My earlier list of statistically improbable phrases in Calvin and Hobbes is technically just a list of “Statistically Improbable Words”. I re-did the same analysis using phrases. Here are the top 20 statistically improbable phrases (2 – 4 words only):
baby sitter chocolate frosted sugar bombs comic books doing homework fearless spaceman spiff() good night hamster huey ice cream miss wormwood new year peanut butter really think slimy girls spaceman spiff stuffed tiger stupendous man sugar bombs susie derkins watch tv water balloon
That is, these are the 2-4 word phrases whose frequency in Calvin and Hobbes is substantially (at least 5 times) higher than in the other books I have.
While doing this, the single biggest problem that stumped me was: what is a word?
- Is “it’s” one word or two words?
- Is “six-year-old” one word or three words?
- How do I distinguish between abbreviations (g.r.o.s.s.) and full-stops without a space ( … homework.what’s a …)?

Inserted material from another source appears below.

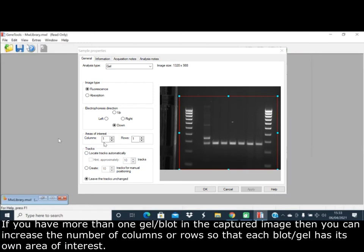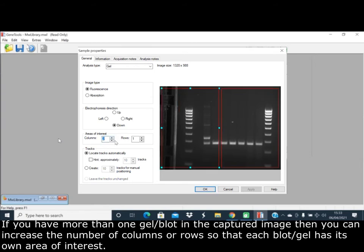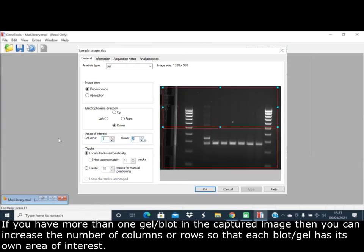If you have more than one gel or blot in the captured image, you can increase the number of columns or rows so that each blot or gel has its own area of interest.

- Does a comma always split words? (It doesn’t in numbers, like “3,500”)
The other problem is, phrases with more words are more improbable. Right now, if a phrase occurs 5 times more frequently in Calvin and Hobbes than my other books, I include it. But three-letter words rarely occur that often, and four-letter words even less so. Maybe I should have a lower cutoff for longer phrases.

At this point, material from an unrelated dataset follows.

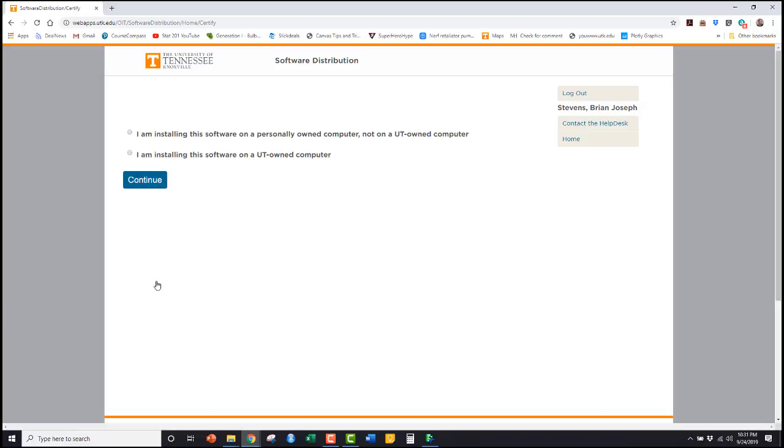In this video, I'm going to download the renewal file and use that to renew my license on Jump.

Anyway, this analysis is a crude first approximation. Clearly Amazon’s gotten much further with their system.
Fantastic job man! You have unlimited patience!
Hey, only just now came across your page, but of the hundreds, if not thousands of C&H sites and tools, this is the most useful I”ve seen! R
hello
nice stuff.I intend splitting a text into single words. can you please give me a hint how to do this? I guess there are simple programs doing this.
Many thanks
Hey Stud, Satish here, your junior from IIMB. Trying to get in touch with you. Do mail me at satishkgv@hcl.in and let us get in touch.
Nice. Do you have a page where I can try out v2 (phrases)?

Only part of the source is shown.